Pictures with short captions
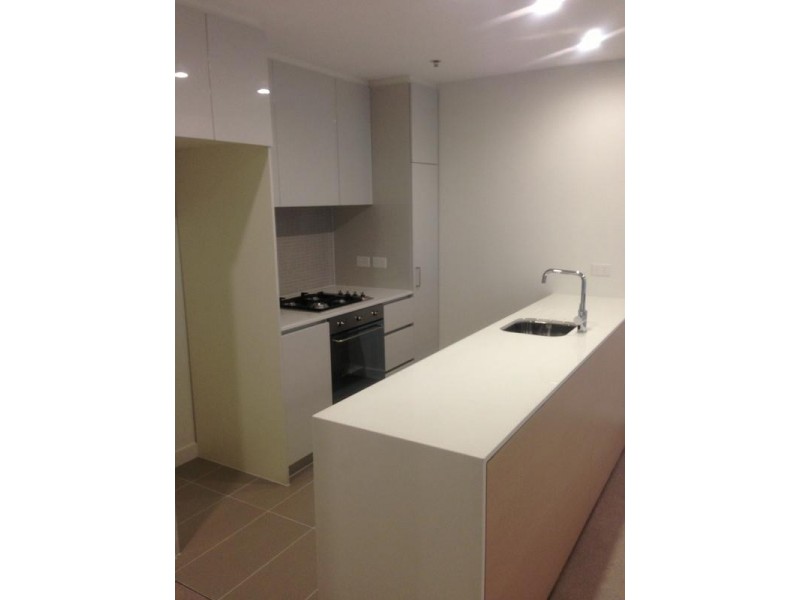 907/70 Queens Road, Melbourne VIC 3004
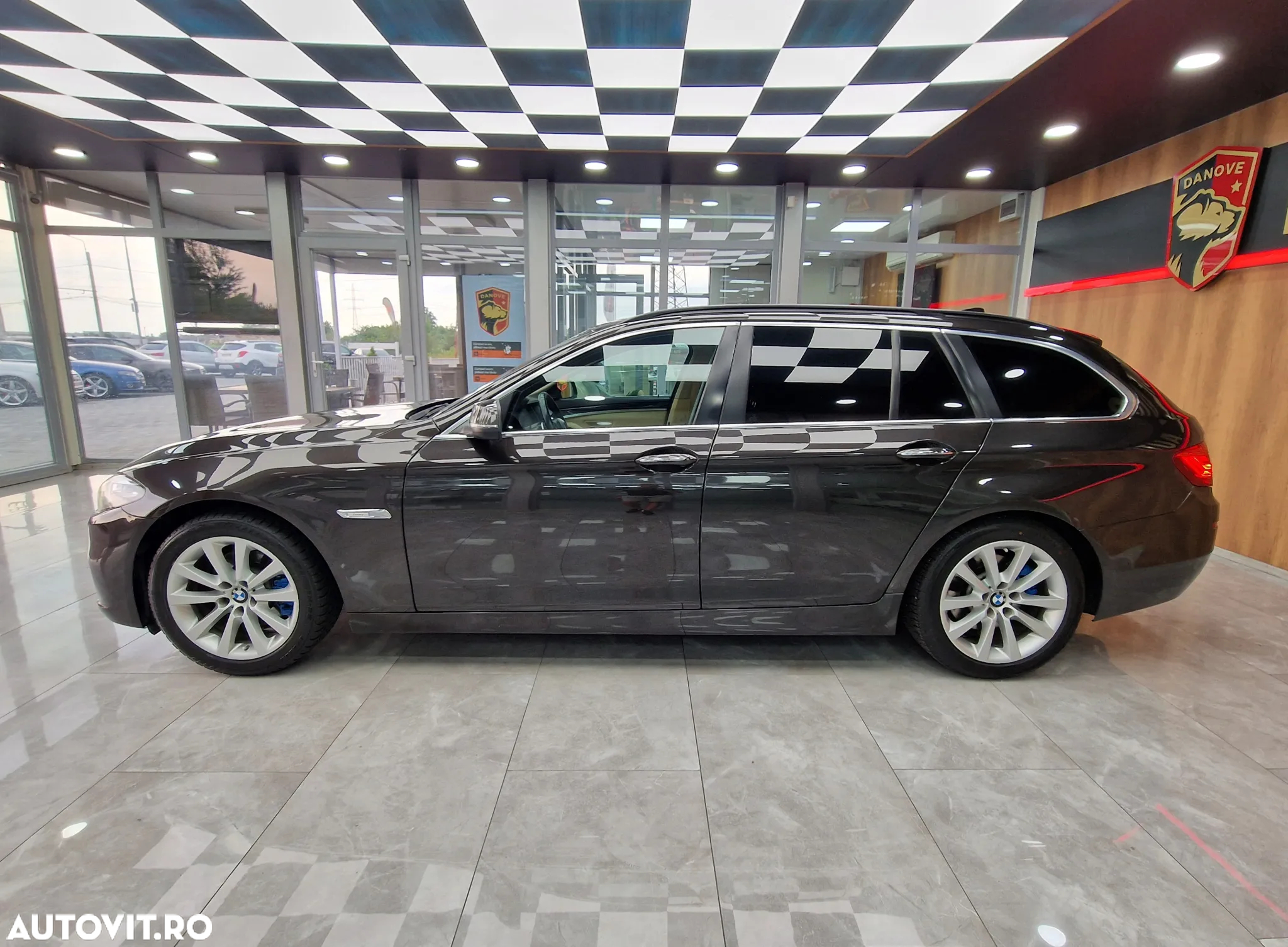 BMW Seria 5 520d Touring Aut. Luxury Line - 4
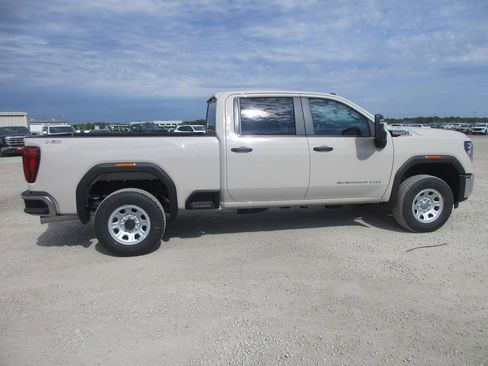 New 2026 GMC Sierra 2500 Pro AWD/4WD image 3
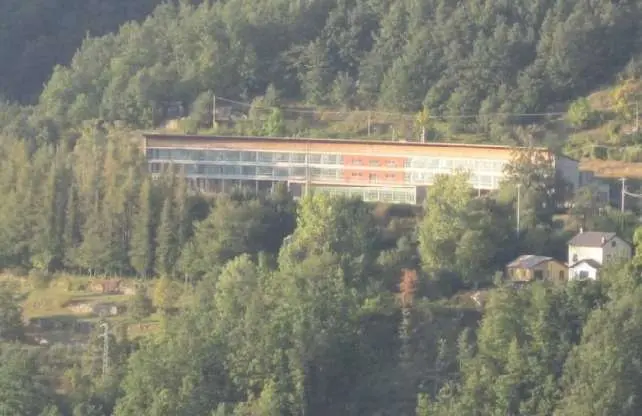 Immagine per Albergo in asta a Santo Stefano d'Aveto via Rinaldo Piaggio 54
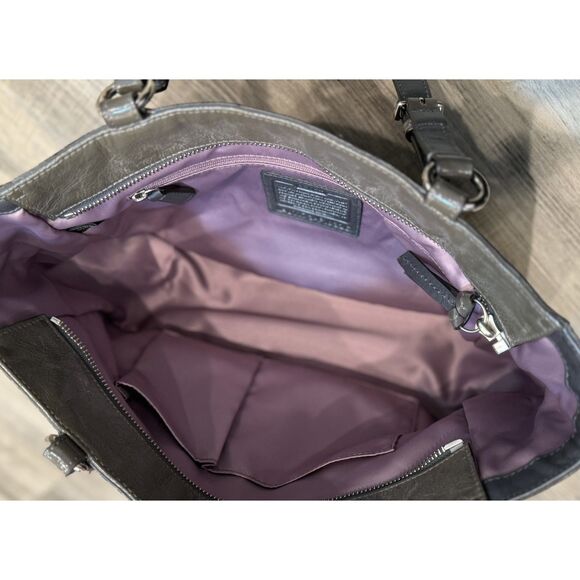 Coach Gallery Stitched Patent East West Bag in Gray - Picture 6 of 10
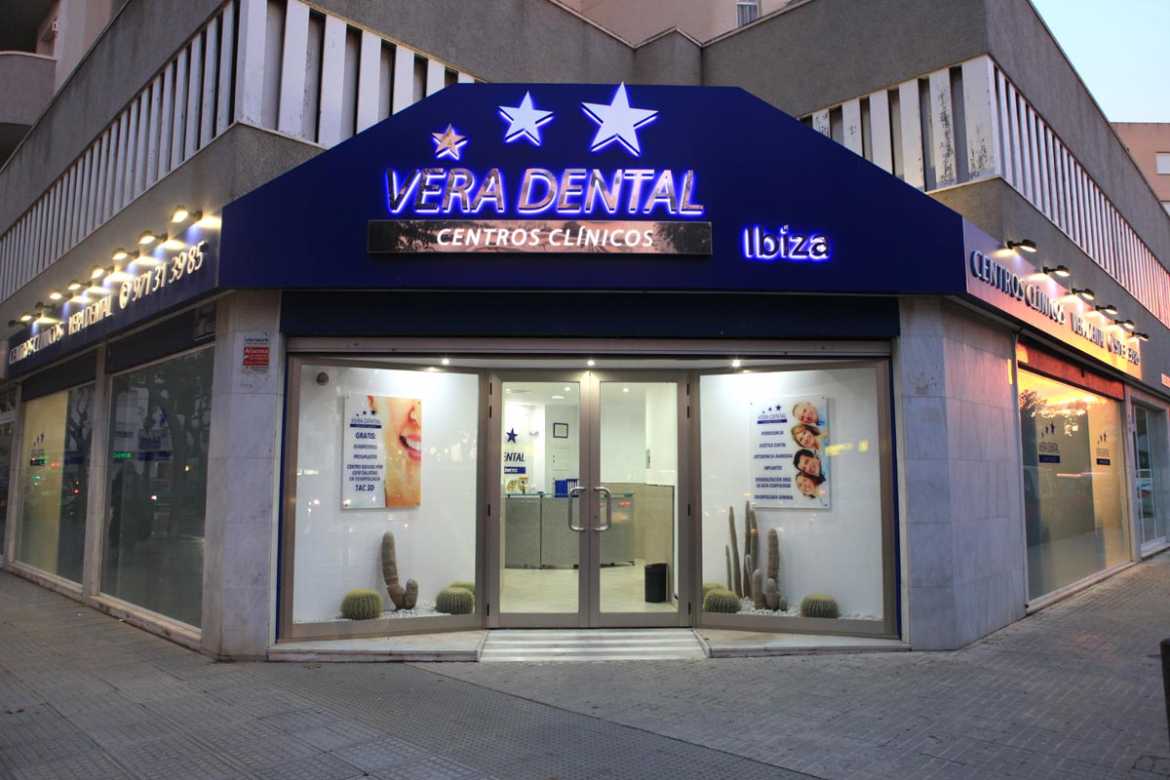 La clínica de Ibiza, situada en la avenida Ignasi Wallis, 57. AISHA BONET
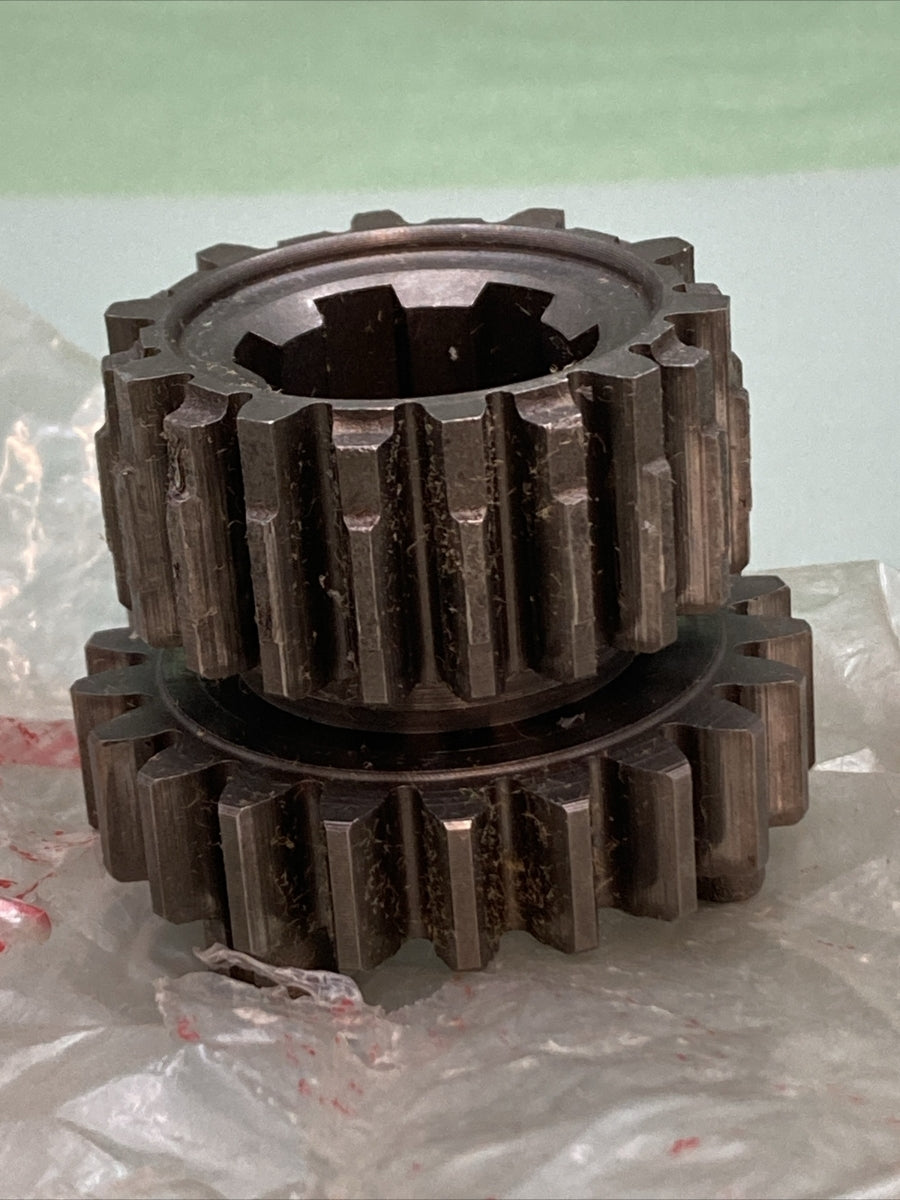 NEW GENUINE HONDA 23431-ME5-000 GEAR, MAINSHAFT SECOND THIRD (20T,21T)
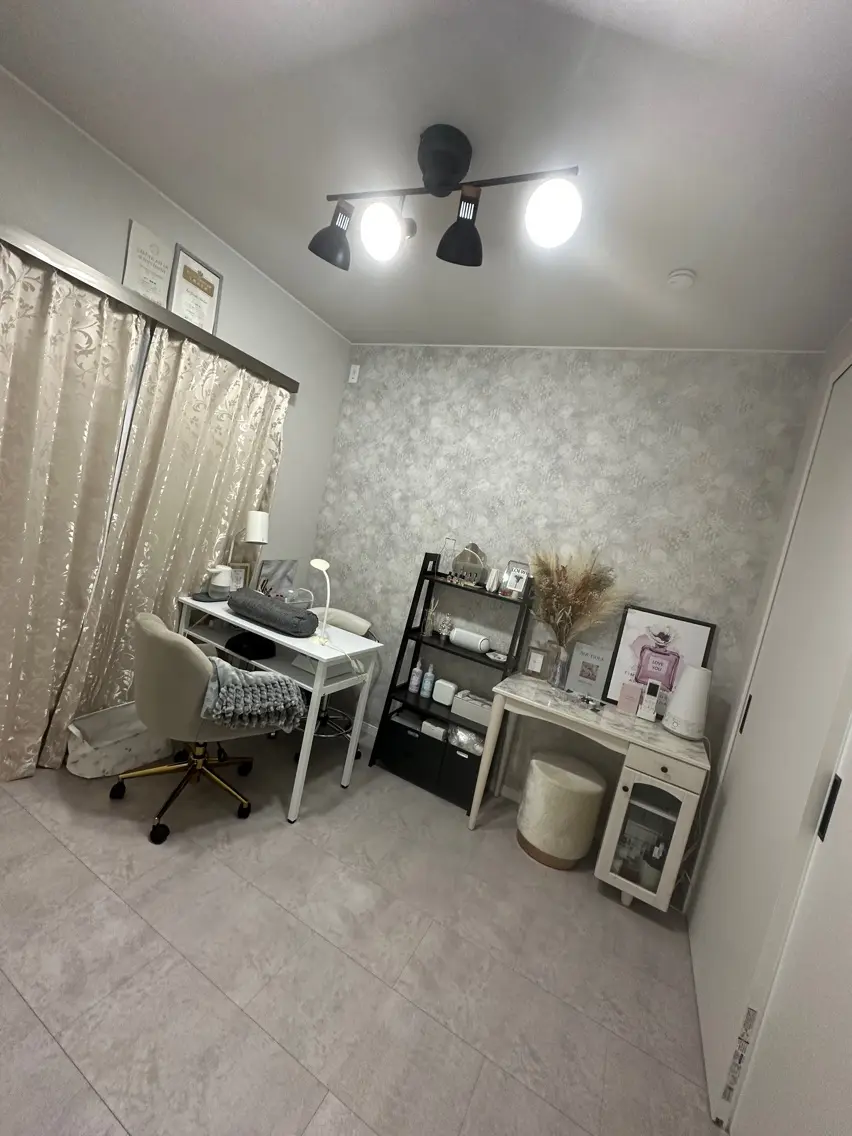 nail salon  amourの内観・外観2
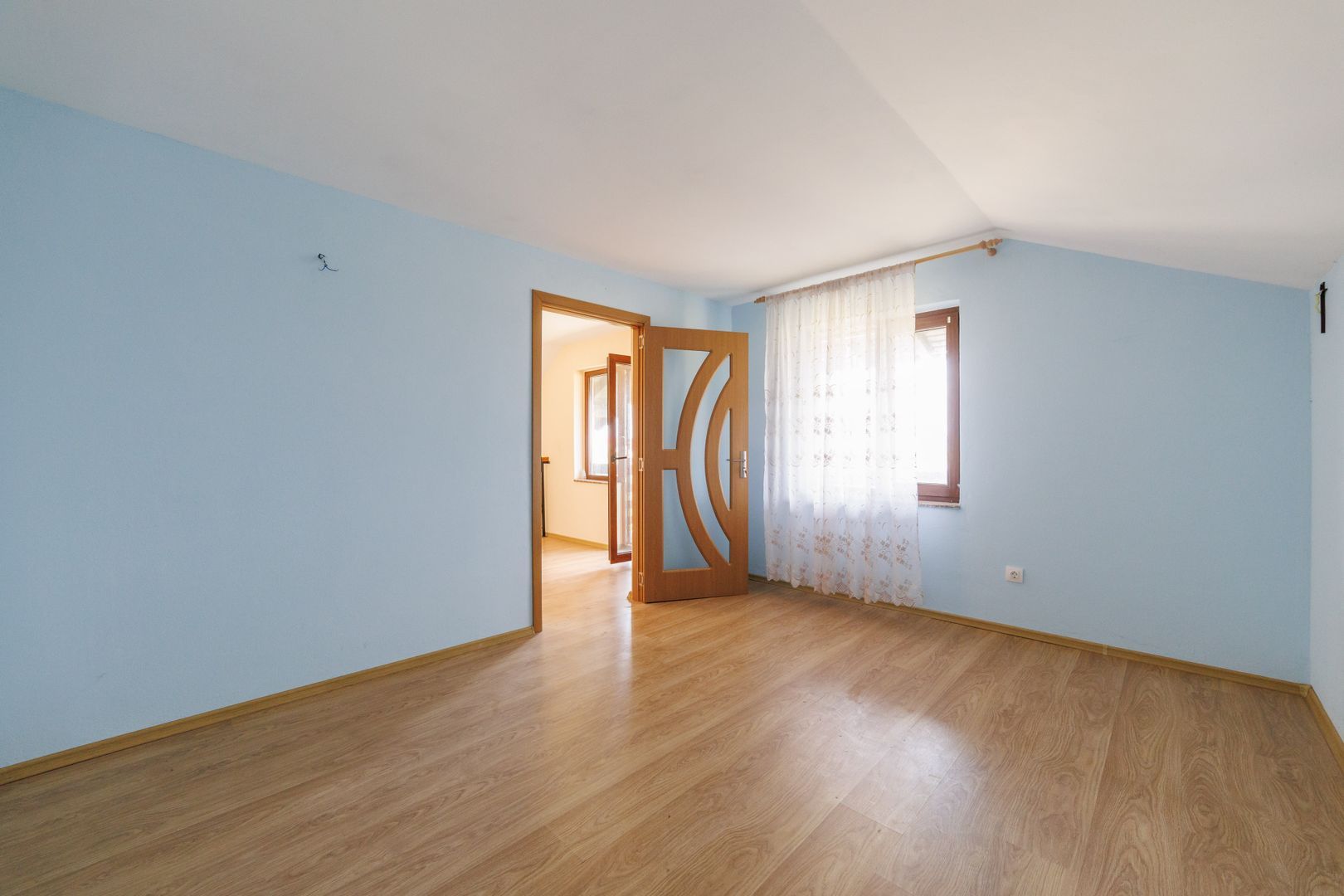 Casa P+M cu 4 camere si teren de 705 mp | Pitesti – Strada Zborului — fotografia 35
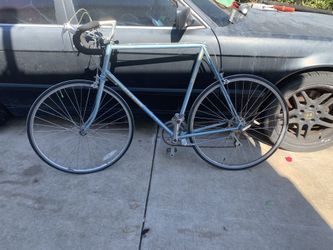 Schwinnn Road Bike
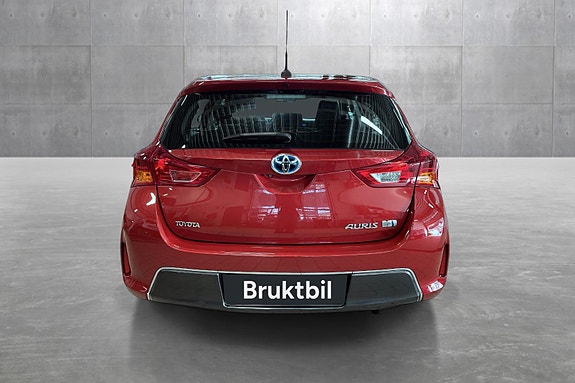 Toyota Auris 4 of 5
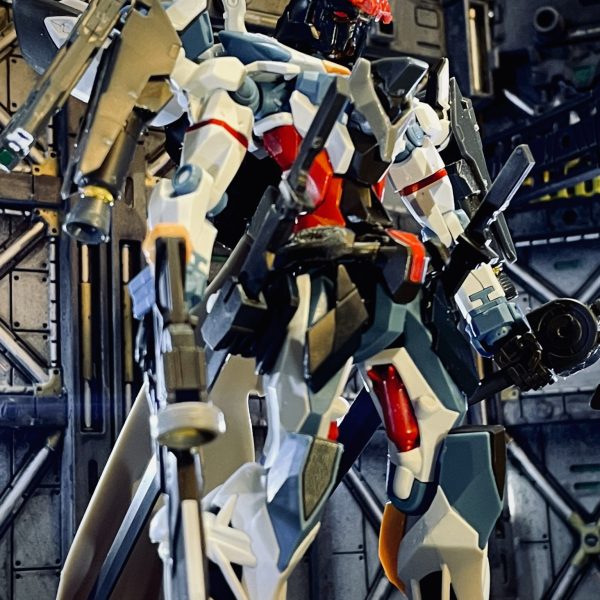 刀は鞘のせいもありサイズ感が違い身の丈に合ってない感があったので、境界戦機の刀を採用して同じキットのパーツに穴開けて太ももに取り付けできるようにし、少しは良くなったかと。頭部にはガンダムとはいえ、ジオンのエキスも入れたい技術者たちがブレードアンテナとトサカを追加ヒートホークは完成後のギミック用に不恰好ですがパーツ追加肩の可動する丸いパーツには刀合うようにアーマーを追加し、内部にタンクとスラスターを仕込みハンドガンをマウント腰につけていたマントは動きの妨げになったので、バックパック裏から別のものを取り付けて、少しだけ可動するように変更し脱着も可能。ビームライフルは両手持ち用グリップと、ガンダムあるあるの丸いサイトを追加どんなカラーリングにするべきか🤔（2枚目）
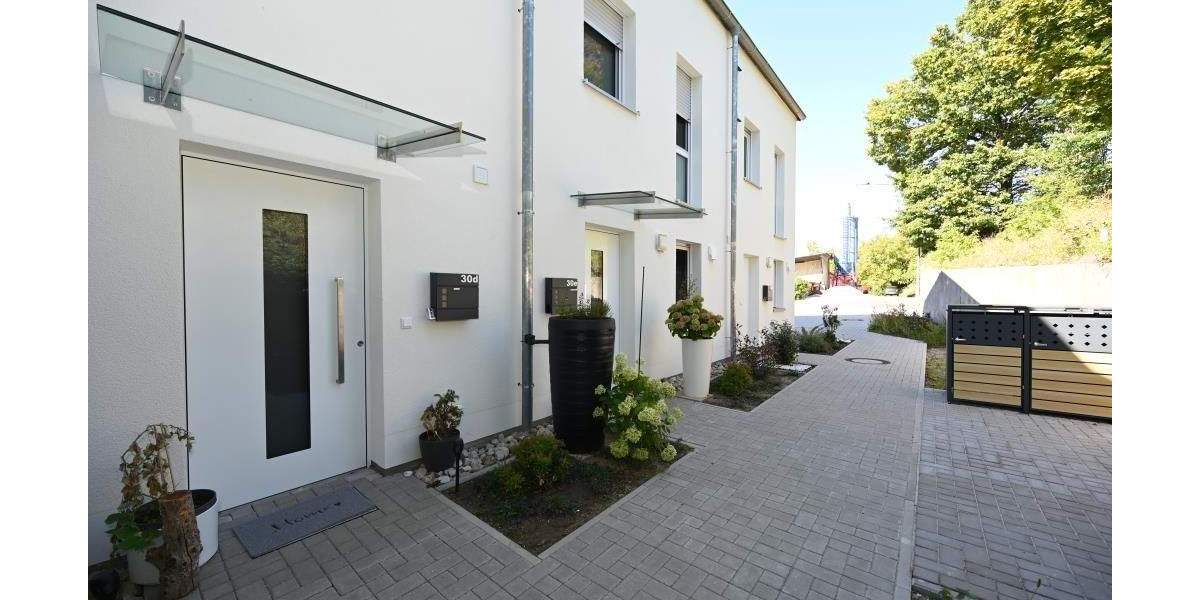 Reihenmittelhaus Postbauer-Heng Heng - 5 Zimmer, 131 m&sup2;, 525.000&euro; | Angebot:23953554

Exercise >> Restate, word for word and without pictures, the lines from the line containing "刀は鞘のせいもありサイズ感が" to the last line of the records above.

Solution >>
 刀は鞘のせいもありサイズ感が違い身の丈に合ってない感があったので、境界戦機の刀を採用して同じキットのパーツに穴開けて太ももに取り付けできるようにし、少しは良くなったかと。頭部にはガンダムとはいえ、ジオンのエキスも入れたい技術者たちがブレードアンテナとトサカを追加ヒートホークは完成後のギミック用に不恰好ですがパーツ追加肩の可動する丸いパーツには刀合うようにアーマーを追加し、内部にタンクとスラスターを仕込みハンドガンをマウント腰につけていたマントは動きの妨げになったので、バックパック裏から別のものを取り付けて、少しだけ可動するように変更し脱着も可能。ビームライフルは両手持ち用グリップと、ガンダムあるあるの丸いサイトを追加どんなカラーリングにするべきか🤔（2枚目）
 Reihenmittelhaus Postbauer-Heng Heng - 5 Zimmer, 131 m&sup2;, 525.000&euro; | Angebot:23953554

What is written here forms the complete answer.